2018年2月16日
洋上風力発電
その課題と展望
日本は、四方を広大な海に囲まれた海洋国家です。この海洋上に風力発電システムを設置し、エネルギーを得るという試みが始められています。環境省の発表によりますと、洋上風力発電の導入ポテンシャルは、約16億kW(1,600GW)とされています。これは、年間稼働率を20%とした場合、年間発電量約2,800TWhに相当します。現在の日本の発電総容量(火力、水力、原子力などを含む)は、約2.5億kW(250GW)であり、年間総発電量は約1,000TWhとなっているため、洋上風力発電の持つ導入ポテンシャルの規模が非常に大きなものであることが分かります。
この導入ポテンシャルの内、どれほどの量を実際に利用できるかは、今後の技術革新によって変化します。仮に5%が利用可能になった場合の総出力は80GWとなり、年間発電量の約2割を賄うことが可能という試算になります。
海外の状況に目を向けると、特に欧州において、洋上風力発電はすでに飛躍的に導入量を増やしています。2017年度に新規に導入された洋上風力システムは約3GW、累計では16GWに達しています。風力全体では、2017年度の新規導入は約16GWとなり、過去最高を更新しました。これにより、欧州における累計風力発電容量は170GWに達しました。
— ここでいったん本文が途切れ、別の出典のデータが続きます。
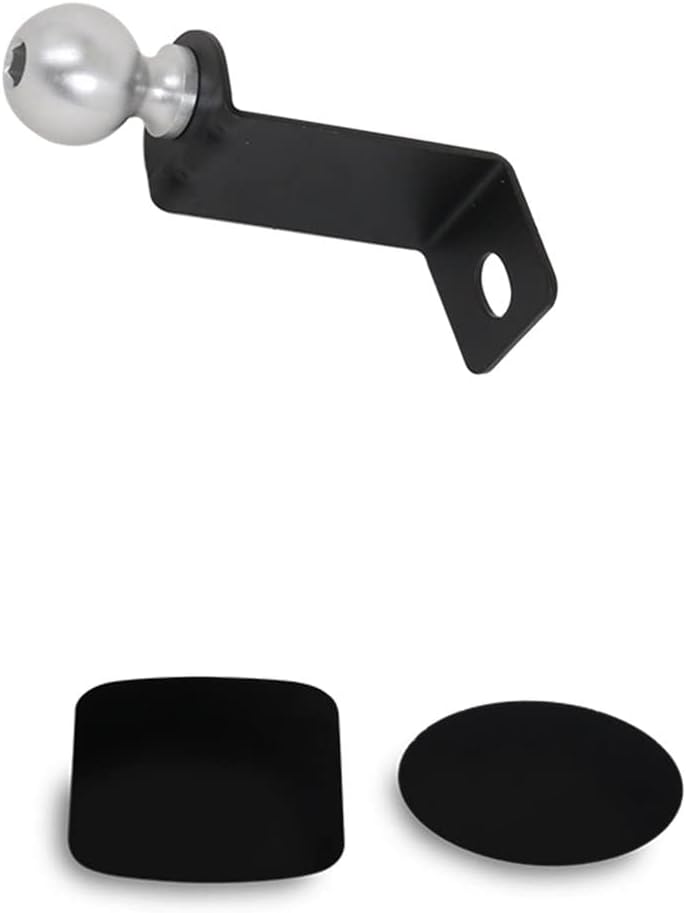 Course Motorsports Direct Fit Phone Mount - Chevrolet/GMC 1500 (2014-2018) 2500, 3500 (2015-2019) Compatible with All Phones - Manual Cradle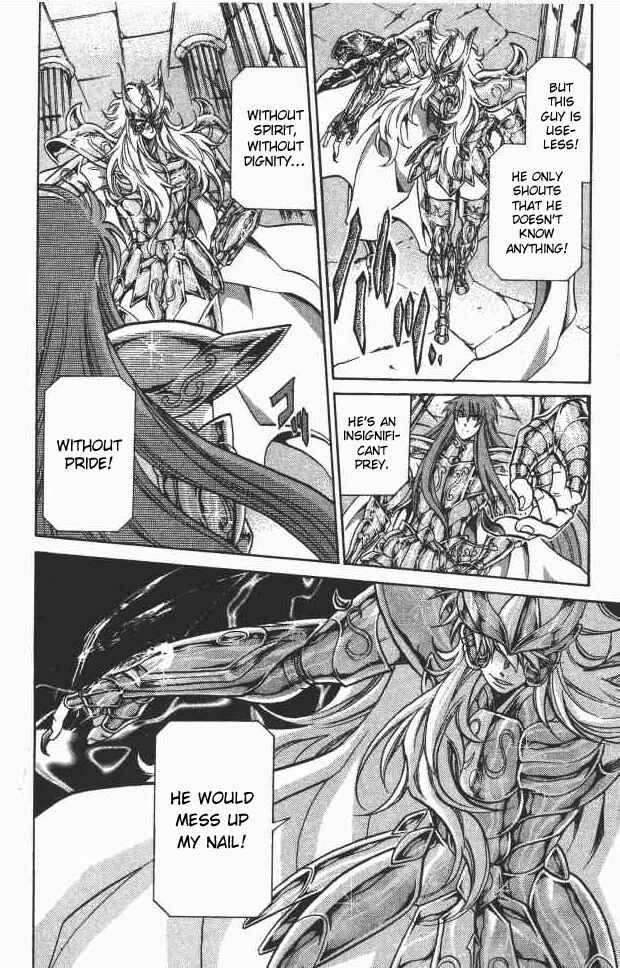 Saint Seiya: The Lost Canvas Chapter 100 - Page 7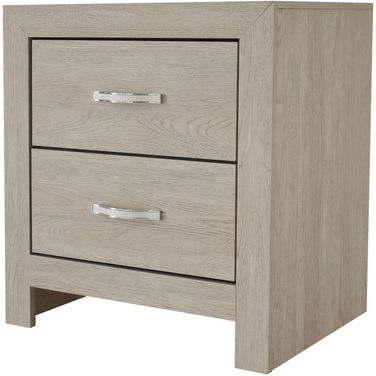 Jaylen Night Stand In Limed Oak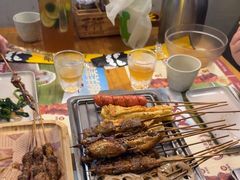 -木屋烧烤(龙岗龙城万科里店)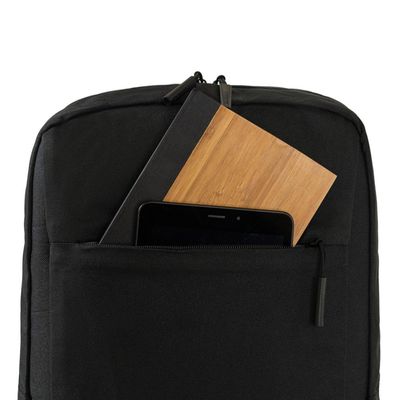 Mochila Executiva para Notebook Horizonte U / Preto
これには欧州政府の政策により、十分なサポート体制が取られていることにも関係があります。すでに発送電分離がなされていることもあり(日本では2020年4月から)、送電業者が自らイニシアチブをとって、新エネルギーの導入に参画することができることも特筆されます。また、ガソリン自動車の販売禁止政策(ドイツにおいては2030年以降、フランスでは2040年以降など)を主導して、運輸部門の電化を推進することで(充電スタンドの設置など)、さらに多くの再エネ発電施設の建設を促進しようとしています。
日本における洋上風力発電の導入には、ヨーロッパで培われた技術に加えて、日本近海の海流の特性(うねりの強さなど)また台風などの不安定な気候についての対策が求められます。また海上における占有権の問題など、法整備が必要とされる課題もあります。ヨーロッパでは、政府が海洋上の開発区域をあらかじめ設定し、必要な認可などを取得した上で、入札により発電事業者を選定する、所謂「セントラル方式」により、これまで多くの実績を上げてきました。このような制度により、技術的課題克服への取り組みに専念できる環境を作ることも、洋上風力発電導入の促進には必要です。再生可能エネルギーの導入に関する国を挙げてのコンセンサスの形成が、最も重要な要素となります。